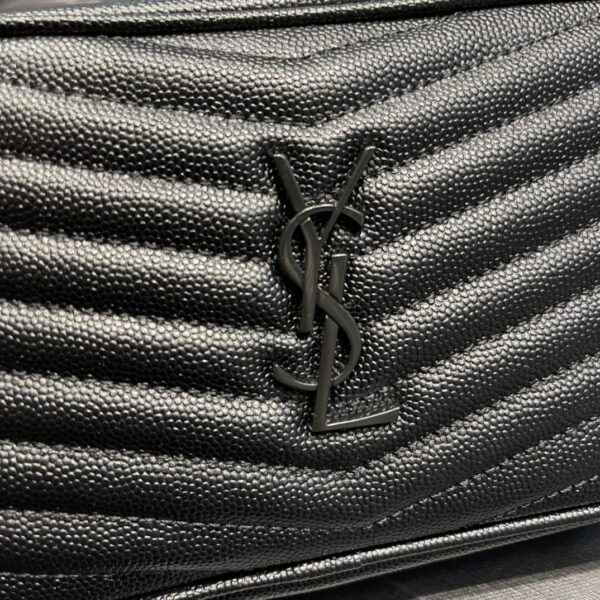 [REP 1:1] Saint Laurent Lou Mini Bag Black In Quilted Grain De Poudre With Metal Toned Hardware For Women 7.4in/19cm YSl 6125791GF081000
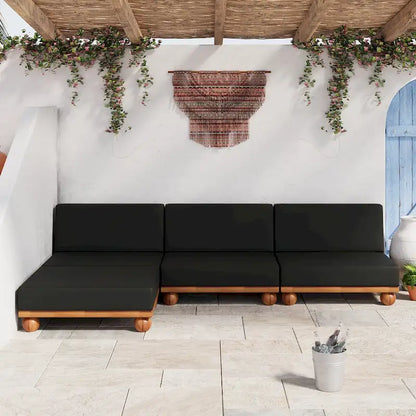 Scott Living Dulcie 4 Piece Outdoor Acacia Wood L Shape Setional Sofa with Removable Cushions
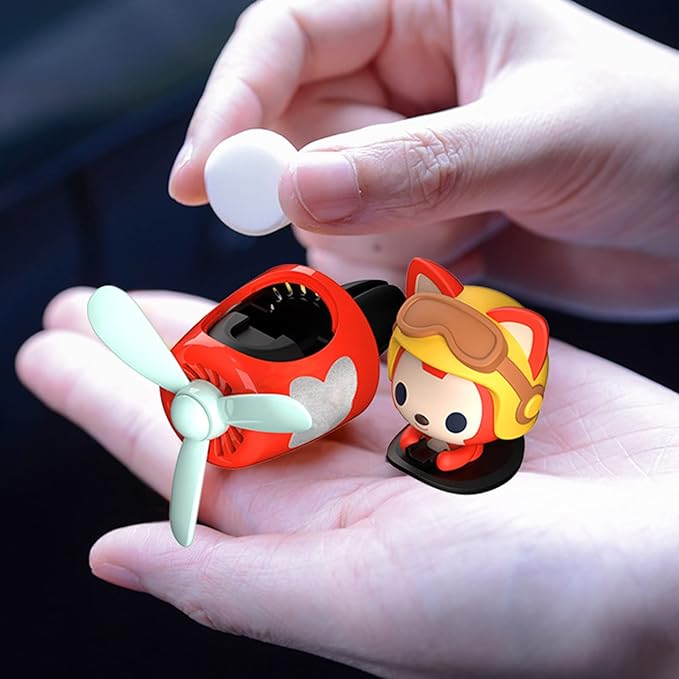 2 Pieces Car Air Fresheners Cute Bear Pilot Car Diffuser Propeller Air Outlet Vent Fresheners Suitable for Automotive Interior Decoration (Duck+Fox)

########

**Activity**: Pictures are not part of the copy. Please reproduce the material word for word.

**Result**:
 [REP 1:1] Saint Laurent Lou Mini Bag Black In Quilted Grain De Poudre With Metal Toned Hardware For Women 7.4in/19cm YSl 6125791GF081000
 Scott Living Dulcie 4 Piece Outdoor Acacia Wood L Shape Setional Sofa with Removable Cushions
 2 Pieces Car Air Fresheners Cute Bear Pilot Car Diffuser Propeller Air Outlet Vent Fresheners Suitable for Automotive Interior Decoration (Duck+Fox)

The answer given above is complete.